I want to conclude my remarks by referring to the flag and what it means for the future of this nation. If we look at the elements of the flag and the symbolism of the flag rather than the precise details of the flag, then we start to appreciate what an inheritance we have.

If we look at the Union Jack, we have to appreciate that there are only about 14 or 15 absolutely free democratic nations on earth. Australia is fortunate to be one of those. In the United Nations scale of ranking of freedoms, if you can devise such a process, Australia is the third freest nation on earth. There are a couple ahead of us, but we have a freedom that I believe is inherited by the parliamentary system that we have and the freedom of the courts from interference by the political process. So the right of a person to go before a court as an innocent individual is a very significant feature of Australian society.

In many courts of the world, people are confronted by an adversarial court system where they go before the court guilty and must prove themselves innocent. Our system is quite different to that, and it is a valuable freedom that we have. I believe that those two features of parliamentary democracy and the freedom of the courts stem from our British inheritance.

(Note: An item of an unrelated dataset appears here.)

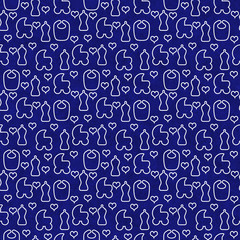 Blue and White Baby Tile Pattern Repeat Background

In addition, the flag carries the symbol of the Southern Cross, claimed by republicans to be the symbol of republicanism. But I reject that concept. The miners at Eureka were typical Aussies. They told the government to get out of the way and get off their backs. The Australian people told the opposition some years ago that they did not want a GST. I think the fervent nature of Australians in their disregard for authority and government is an endearing character that we inherited and it is something that we should be proud of. No government in Australia will get too big for its boots while we have Australians with an attitude of dismissiveness towards authority and those people who want to preen or to promote authority.

It is my view that the inheritance of the Southern Cross is that of a typical Australian symbol, one that says that we are not overawed by authority. It is a matter where people look to an egalitarian society where there is equality of opportunity and where people seek the best by their own attributes and attitudes.

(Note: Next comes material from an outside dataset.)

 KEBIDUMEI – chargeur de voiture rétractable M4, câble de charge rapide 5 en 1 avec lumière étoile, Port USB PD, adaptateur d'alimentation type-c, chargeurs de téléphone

Finally, the third symbol of the Australian flag is the federal or Commonwealth star which symbolises the states and territories of this nation. The symbolism of one star representing the whole nation is in fact a symbol of unity and the need for this nation to work together as a people if they wish to have achievements.

So, in the symbolism of our flag, if you are thinking of symbolism for the future of this nation, we would have to say that we need and must cling to those inherited values of freedom, the parliamentary process and the significance of our court system, because they very much underpin our very society. The individuality of Australians is a very important characteristic, as is the capacity for us as a nation not to be overawed by government or those in authority but to be able to stand up for our own rights as individuals and as is the need for us as a nation to be able to work together if we want to achieve things.

I think the symbolism of the flag has stood us in good stead in the past and it would be very difficult to replace it with another flag of similar significance. So it is with a great deal of pleasure that I support the Flags Amendment Bill 1996. I know that the bill will go through this parliament. I hope it will become an act of this parliament. I hope that future generations will value the contribution of members of this House as much as we can value the contributions of those who have gone before who have pointed out to us the way in which we need to revere and adhere to the principles and symbolisms that our flag stands for, because our flag does represent our nation.